The constitutional and statutory provisions on eminent domain in the state of Washington are similar to those in this state. The state of Washington in two recent cases, State v. Smithroclc Quarry, Inc., 49 Wash.2d 623, 304 P.2d 1043 and State v. Laws, 51 Wash.2d 346, 318 P.2d 321, 322 P.2d 134, have passed on the identical problem here involved.
The Smithrock Quarry case, supra, was a condemnation action where the state had deposited the full amount of the judgment *228with the court and the funds were disbursed to the landowner who accepted it and satisfied the judgment; and thereafter the state gave notice of appeal. The Supreme Court of that state held that the appeal should be dismissed on the ground that it is moot because the judgment had been paid in full. That even though the state had a clear statutory right to appeal, such a right can avail the state nothing where the subject matter of the appeal is moot.
In the Laws case, supra, the state had paid into court the full amount of the judgment, at which time the state indicated that it was reserving the right to appeal. The state then took possession of the property condemned. The money, at the time of the decision, was still in the depository of the court. The problem presented was to determine whether or not the state, by paying into court the amount of the award, plus costs, and by taking possession of the property, waived its appeal. The court held that the appeal should be dismissed and stated:
“Under the statute, either party may appeal. No appeal by the property owner shall operate to prevent the state from taking possession of the property pending such appeal, if the amount of the award shall have been paid into court. The state, on the other hand, cannot take possession of the property and also wage an appeal from the judgment on the verdict. In order to take possession of the property, it must first accept the award of the jury and pay it into court for the benefit of the owner; as soon as it does so, it waives its right of appeal. The state ‘cannot have its cake and eat it too.’

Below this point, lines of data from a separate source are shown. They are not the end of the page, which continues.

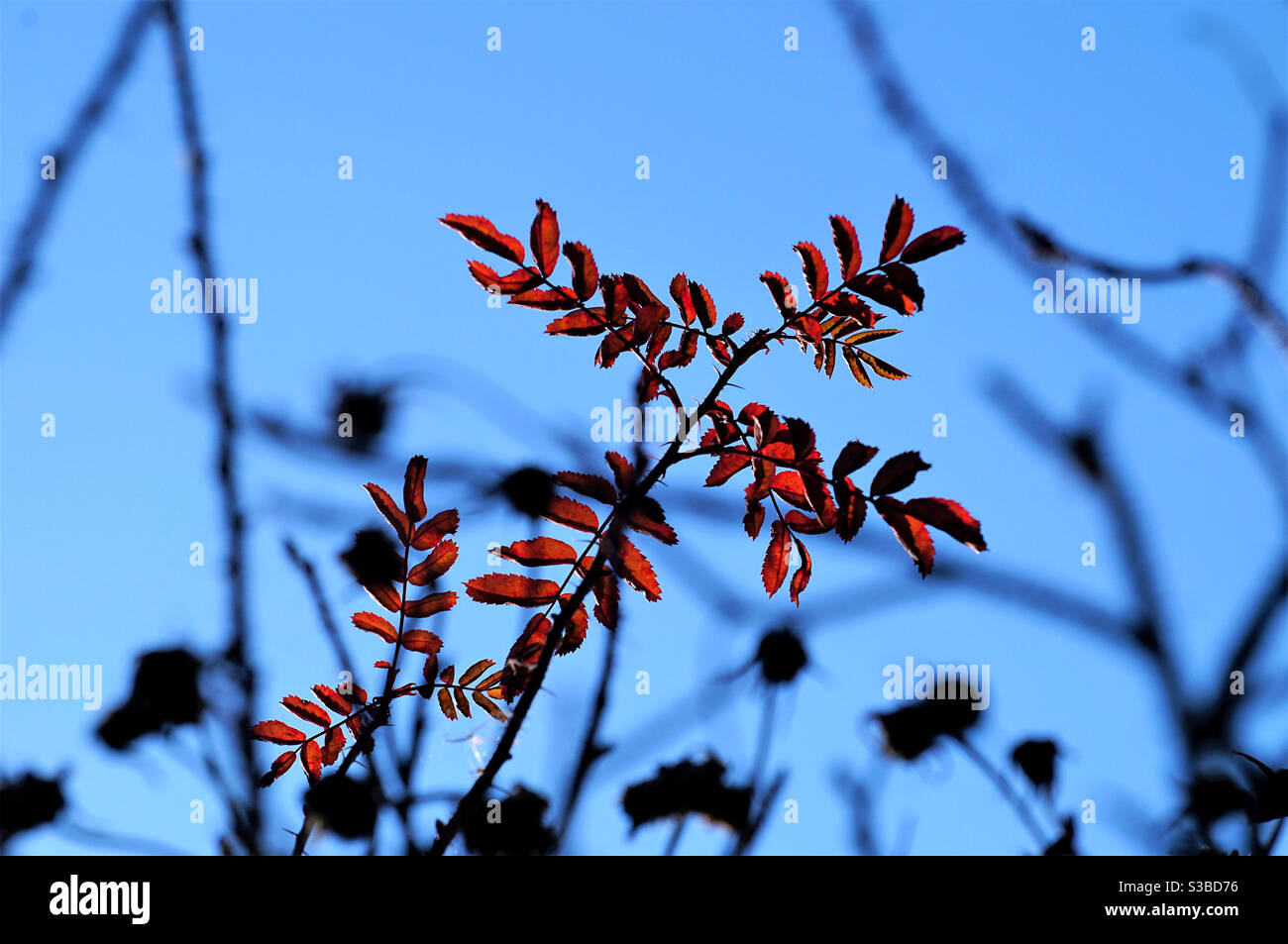 Branch of small red leaves of rowan on the background of the sky - Smartphone Captured Stock Image
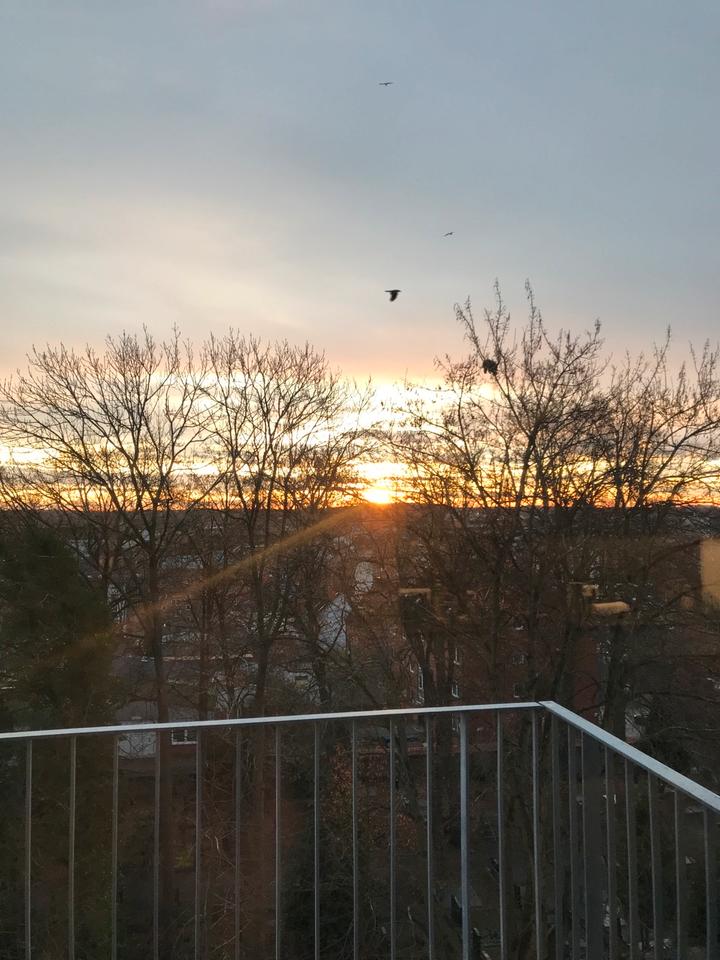 Thumbnail-Wohnung Neubau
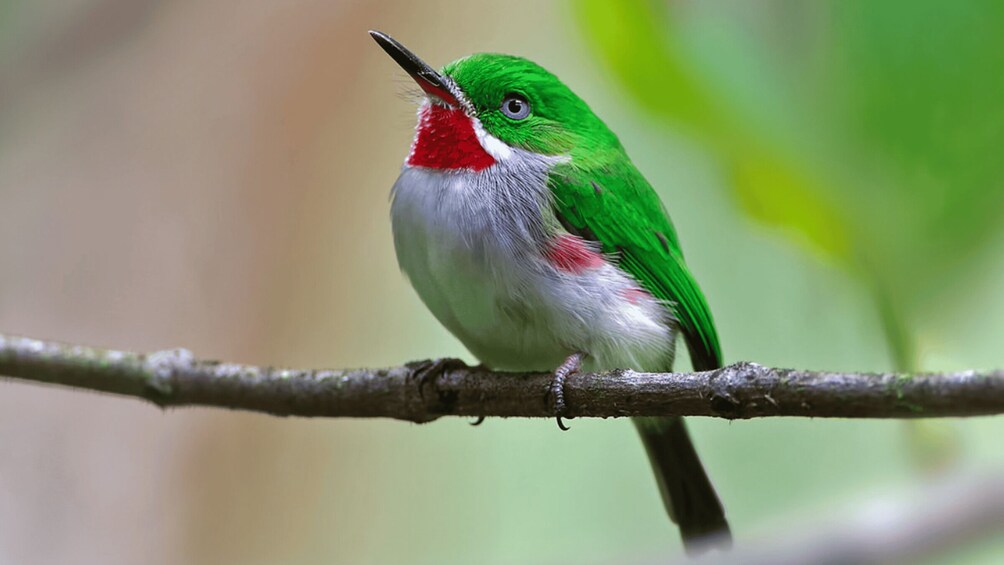 A green bird with a red throat perched on a branch. 1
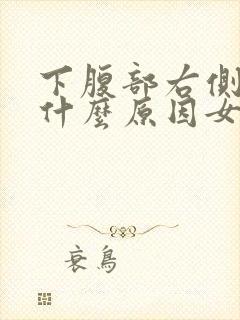 下腹部右侧疼是什么原因女性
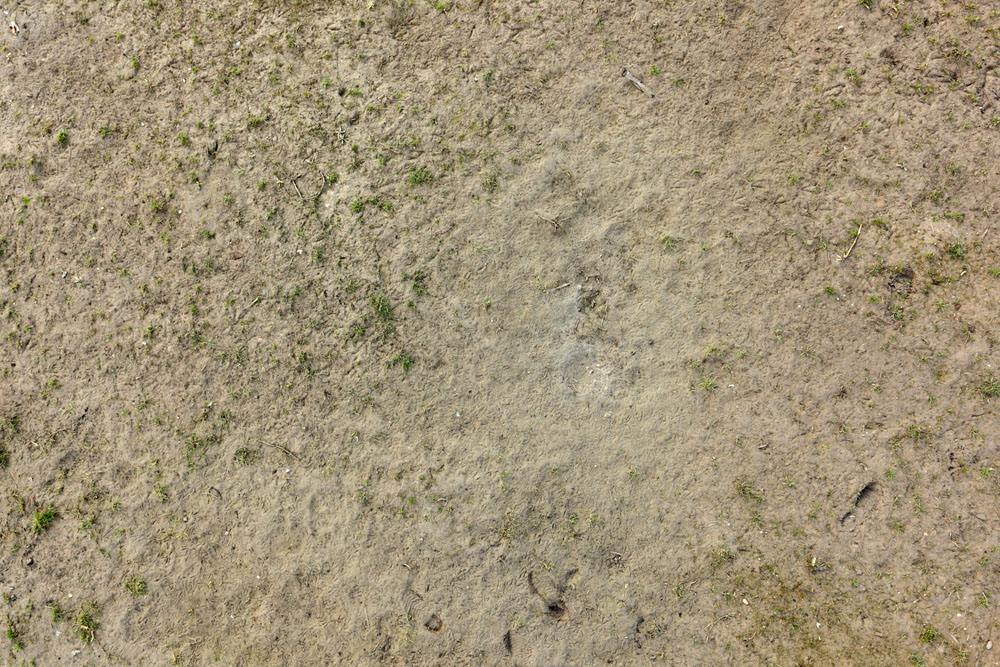 土壤肥料養(yǎng)分速測(cè)儀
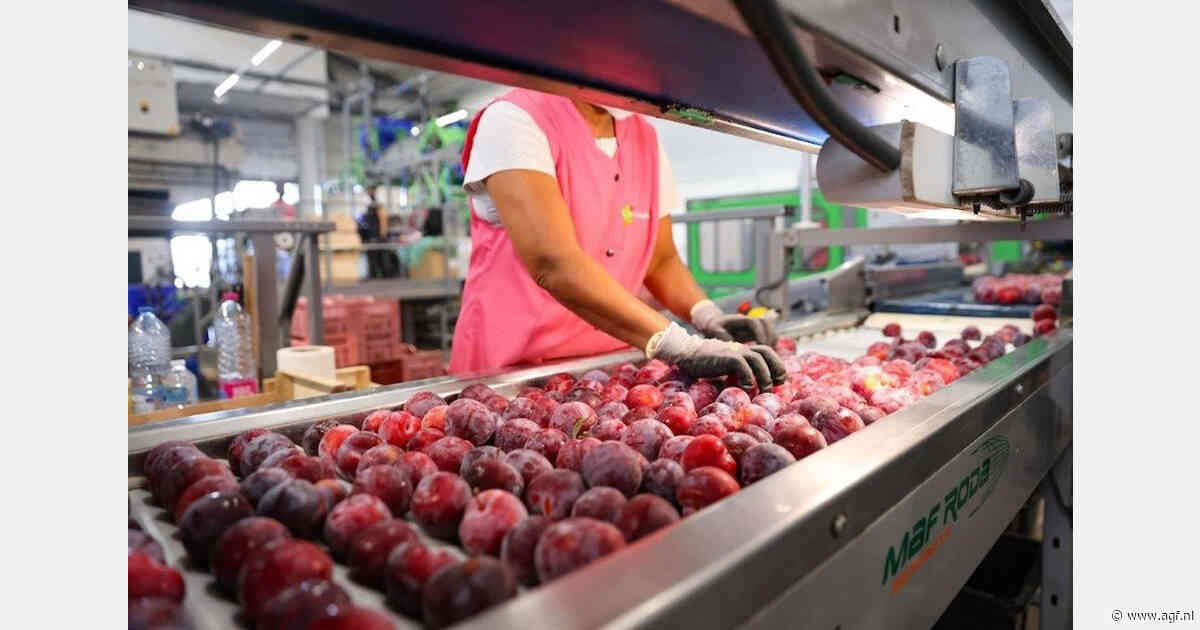 Weinig voorraad en vlotte afzet Franse pruimen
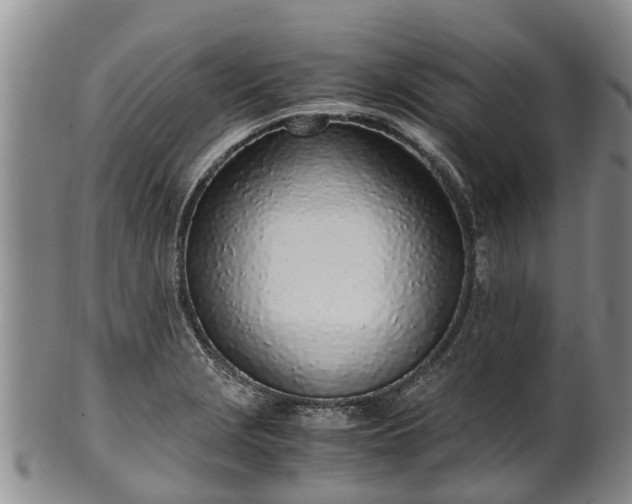 X0000102371229200808081145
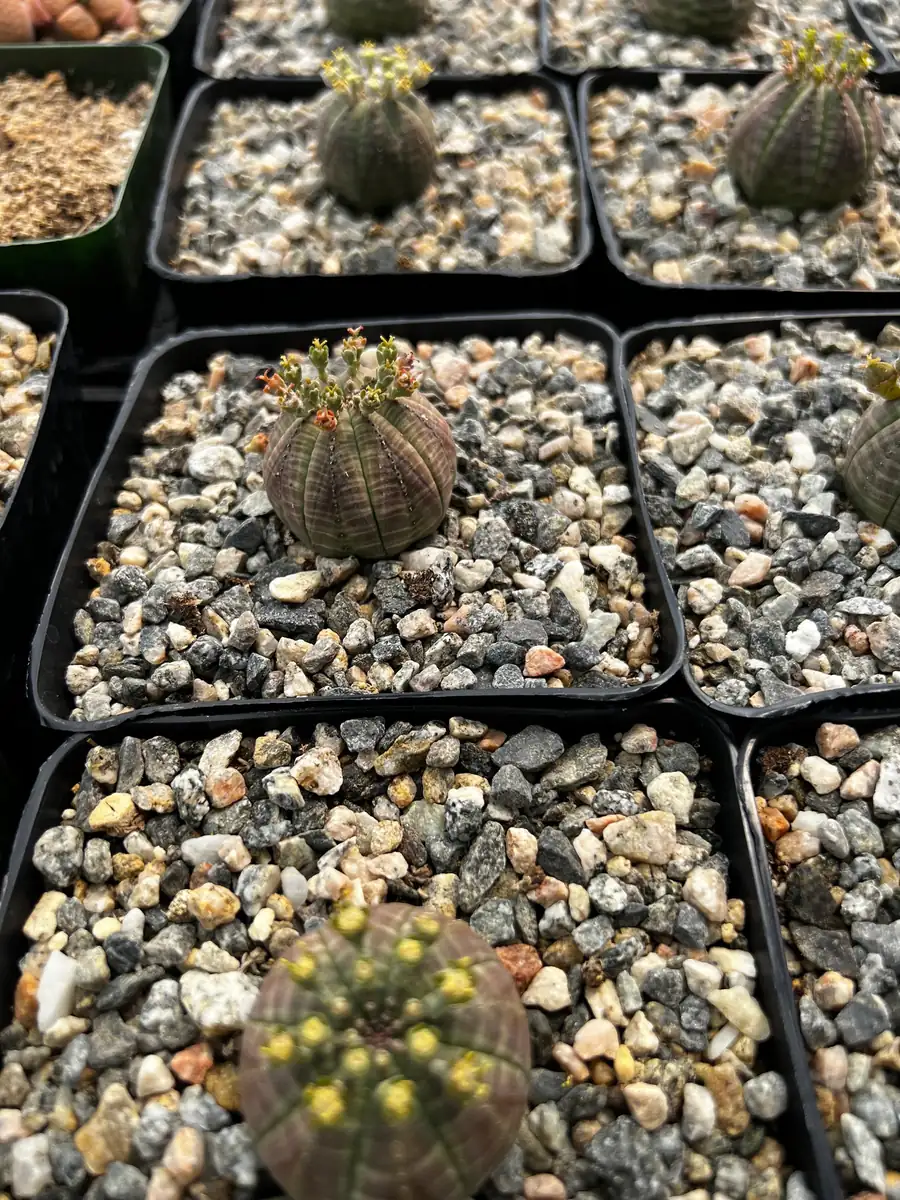 Euphorbia Obesa Hybrid Live Succulent - Baseball Plant in 3" or 5" Pot - Image 5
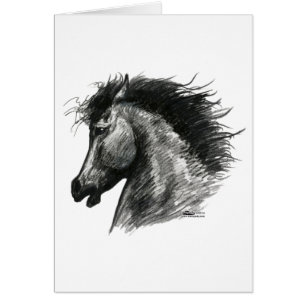 Fiery Wild Horse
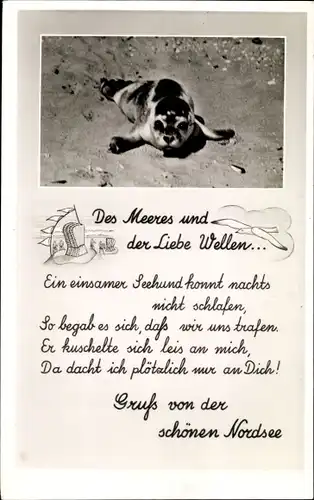 Ak Nordsee Deutschland, Seehund am Strand, Des Meeres und der Liebe Wellen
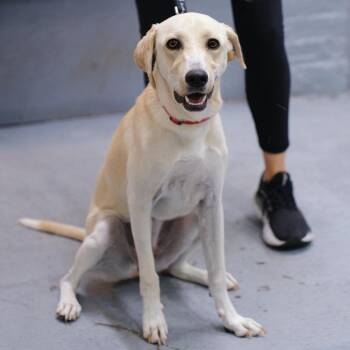 Steel Magnolia -  Labrador Retriever Dog for Adoption in New York, New York - Steel Magnolia | PetCurious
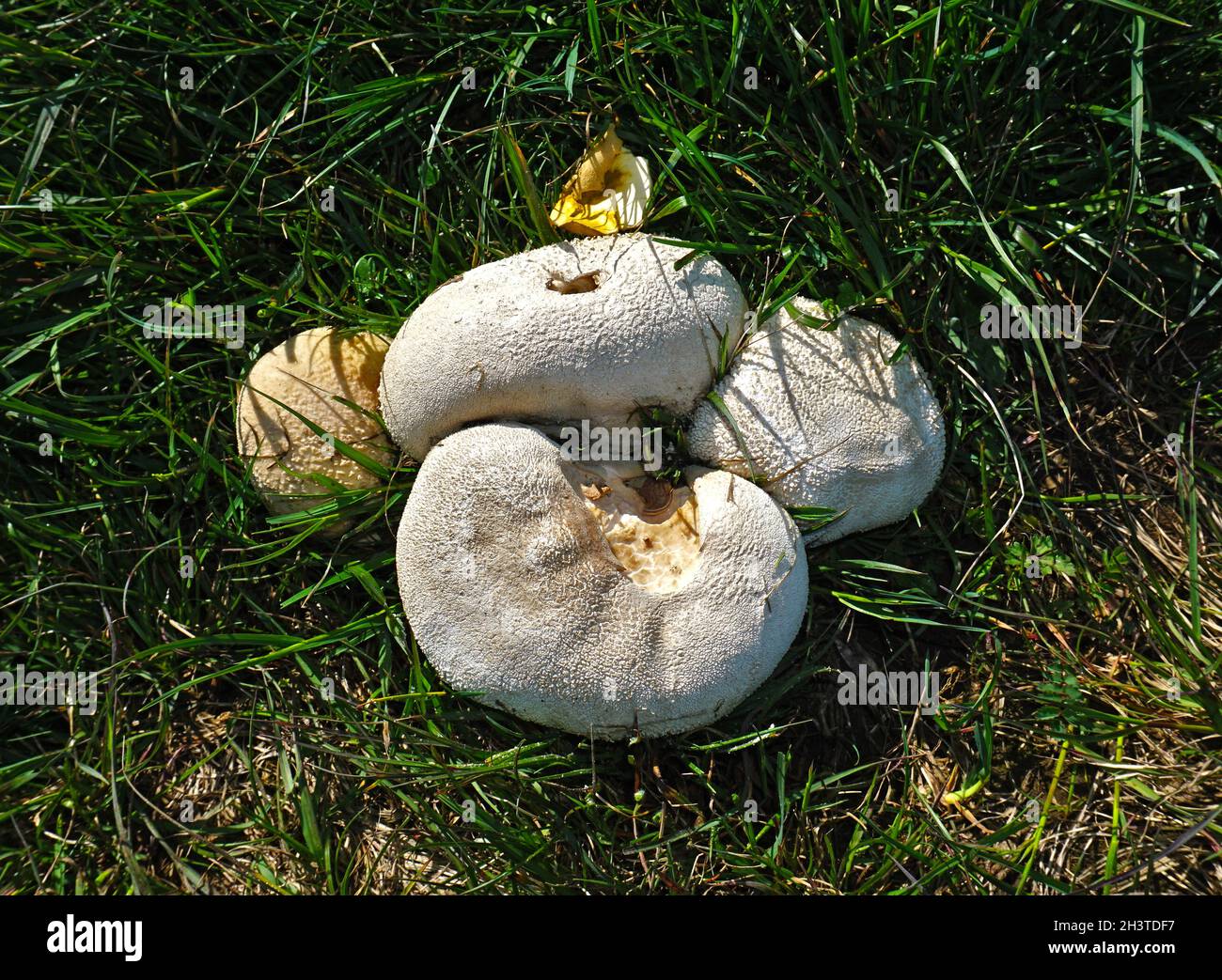 Giant puffball Stockfoto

“The state, in this case, has paid the amount of the award, plus costs, into court and has taken possession of the property. By doing so, it has accepted the award of the jury. The issue of ‘the propriety and justness of the amount of damage’ is no longer an issue. The question is moot.” State v. Laws, supra, 318 P.2d at page 322.
The state was given the option under A.R.S. § 12-1127 of retaining possession of the land taken and paying the judgment or of returning the land taken to the landowner and preserving its right to appeal. It chose to remain in possession and deprive the landowner of a portion of his land and the state is now bound by the choice made.
I would grant the motion to dismiss the appeal.
STRUCKMEYER, J., concurs in this dissent.